(Problem) Restate word for word the lines from the one bearing "HERMES Pochette Green" through the end of the entries below, and leave every picture out.

(Material for this task)
========================================================================

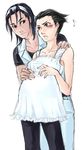  1boy 1girl akiyama_yuuji_(aqworks) black_hair blush couple genderswap kazama_jun mishima_kazuya pregnant tekken 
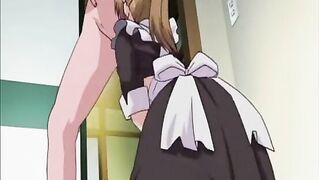 Cute Hentai Maid Gets Used by her Master - Blowjob and more!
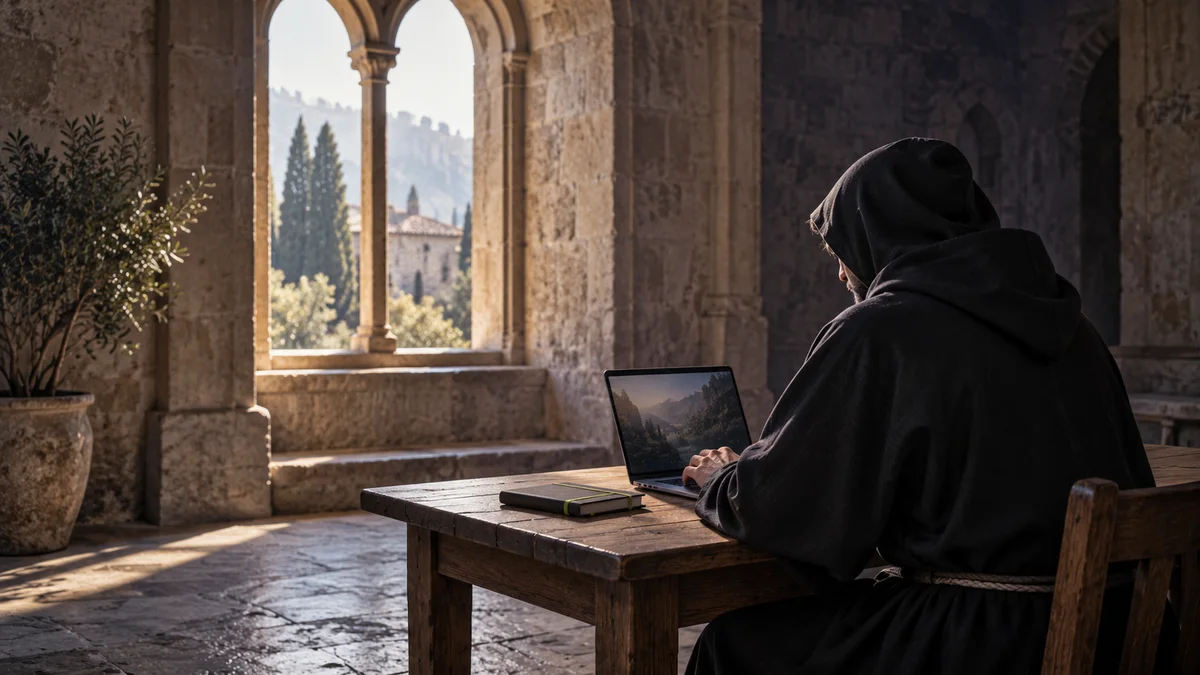 A man in a monk’s robe working on a laptop in a quiet monastery, an illustration of temporary monasticism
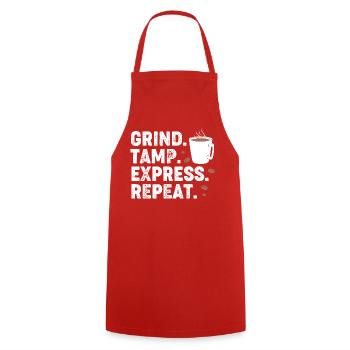 Barista Espresso Coffee Caféine - Tablier de cuisine - rouge - Devant - AI Model Male 185 dark (185cm)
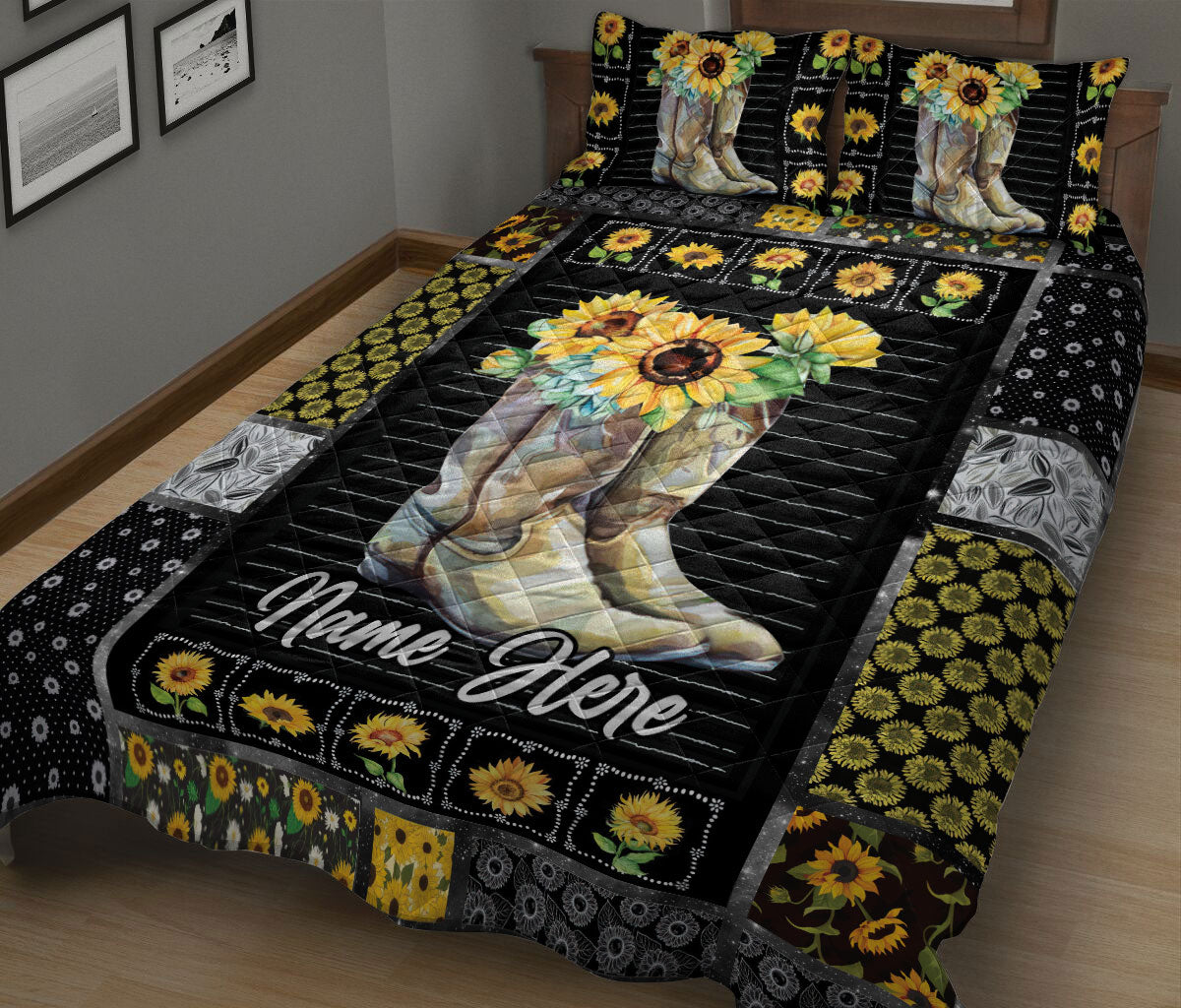 Ohaprints-Quilt-Bed-Set-Pillowcase-Western-Cowgirl-Cowboy-Hat-Horse-Lover-Sunflower-Custom-Personalized-Name-Blanket-Bedspread-Bedding-152-King (90'' x 100'')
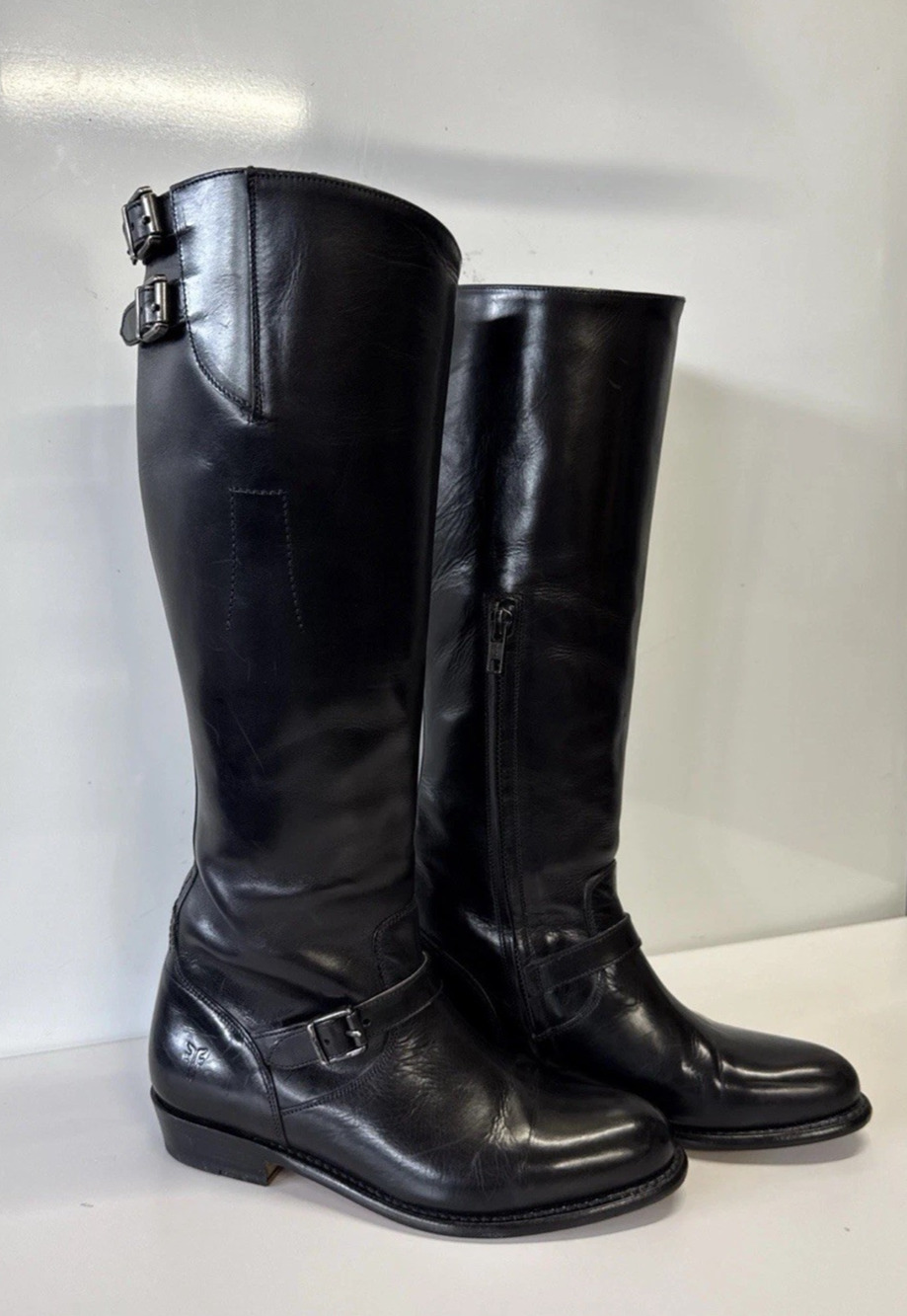 Frye Dorado Riding Boots Black Leather Knee High Dual Buckle Strap W US 6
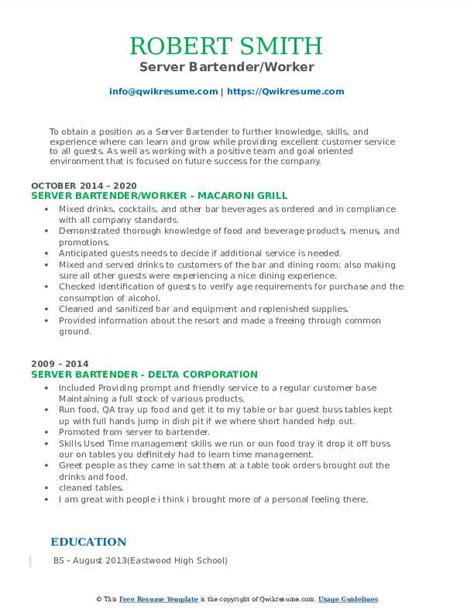 Server Bartender Resume Samples Qwikresume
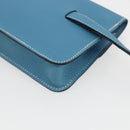 HERMES Pochette Green Waist bag Leather Blue Silver Auth 166361SM-15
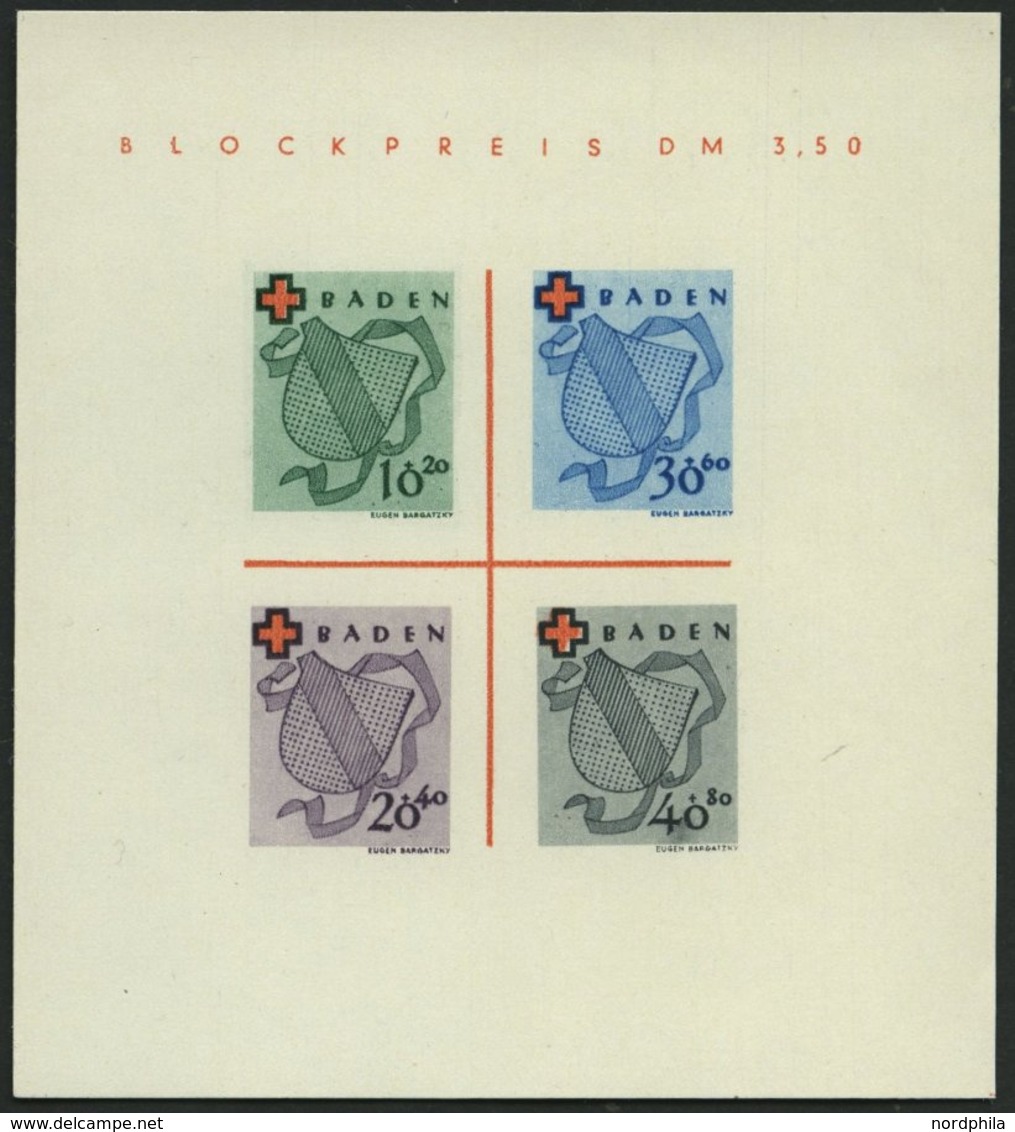 BADEN Bl. 2II/II (*), 1949, Block Rotes Kreuz, Type II: Farbfleck Unten An Der 40, Pracht, Mi. 140.- - Andere & Zonder Classificatie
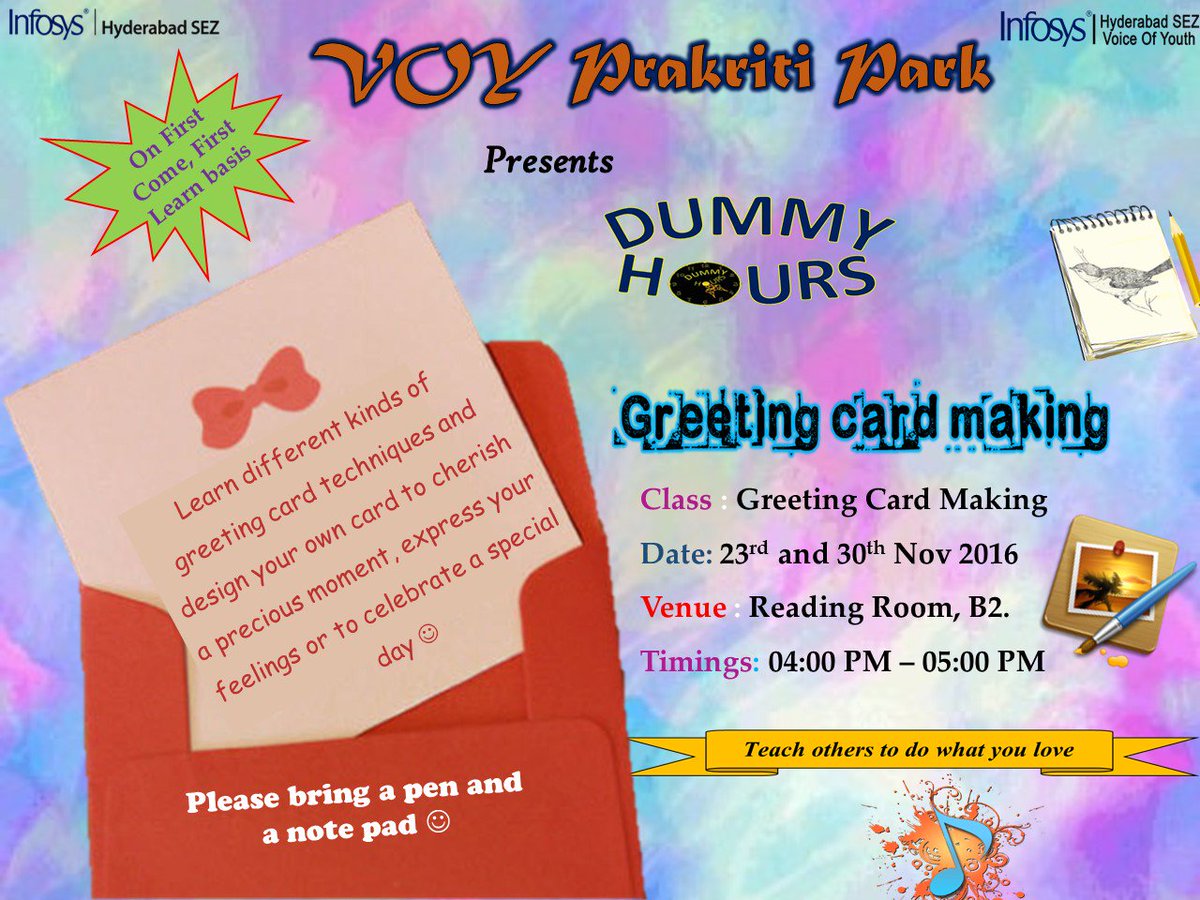 VOYPrakritiPark's tweet photo. Wanna surprise ur special ones? Learn & make personalised greeting cards for them all by yourself at #DummyHours #HYDSEZ #VOY #SmartInfyHyd https://t.co/TbvpzFs0xr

========================================================================

(Result)
 HERMES Pochette Green Waist bag Leather Blue Silver Auth 166361SM-15
 BADEN Bl. 2II/II (*), 1949, Block Rotes Kreuz, Type II: Farbfleck Unten An Der 40, Pracht, Mi. 140.- - Andere & Zonder Classificatie
 VOYPrakritiPark's tweet photo. Wanna surprise ur special ones? Learn & make personalised greeting cards for them all by yourself at #DummyHours #HYDSEZ #VOY #SmartInfyHyd https://t.co/TbvpzFs0xr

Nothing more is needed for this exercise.